Member of the Legislative Chamber
- Incumbent
- Assumed office January 2020

Personal details
- Born: 30 September 1971 (age 54) Andijan, Uzbek SSR, Soviet Union (now Uzbekistan)
- Party: UzLiDeP

= Umidaxon Zakirova =

Uzbek teacher, poet and politician (born 1971)

Umidakhon Ahmadjanova Zakirova (born 30 September 1971) is an Uzbek teacher, poet and politician. Since 2020, Zakirova is deputy of the Legislative Chamber from Andijan constituency No. 9. She is a member of the Uzbekistan Liberal Democratic Party.
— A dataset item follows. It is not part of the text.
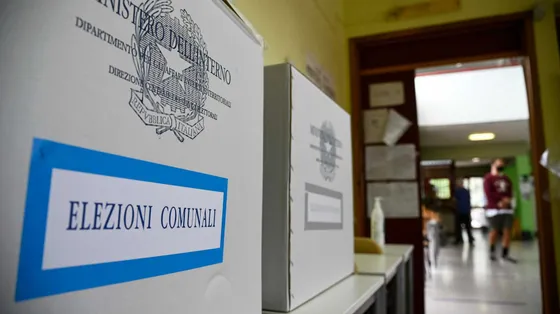 Il centrodestra passa ad Arezzo e Macerata, ma capitola ad Agrigento: tutti i risultati dei ballottaggi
==Early life and education==
Zakirova was born on 30 September 1971 in Andijan. She received higher education, graduating from the Andijan State Pedagogical Institute of Languages in 1994. She then became a teacher of the Russian language and literature.

==Career==
Zakirova began her career in 1988 as a laboratory assistant at the Andijan Pedagogical Institute of Languages. From 1994 to 2004, she worked as a teacher of Russian language and literature, deputy director for career guidance at secondary school No. 30 in Andijan. From 2004 to 2015, she also served as Deputy Director for Spiritual and Educational Issues at this educational institution. From 2015 to 2019, she served as director of secondary school No. 4 in Andijan. In 2019, she was appointed director of secondary school No. 11 in Andijan.

==Political career==
In the Legislative Chamber, Zakirova is a member of the Committee on Labor and Social Issues, a member of the Faction of the Movement of Entrepreneurs and Business People as part of the Liberal Democratic Party.

==Personal life==
In addition to her native Uzbek, Zakirova speaks Russian, Turkish and English. She is married and has three children.

==Awards==
Zakirova was awarded the "15 years of Independence of Uzbekistan" and "27 years of the Constitution of Uzbekistan" commemorative awards, and the "Excellence in Public Education" badge.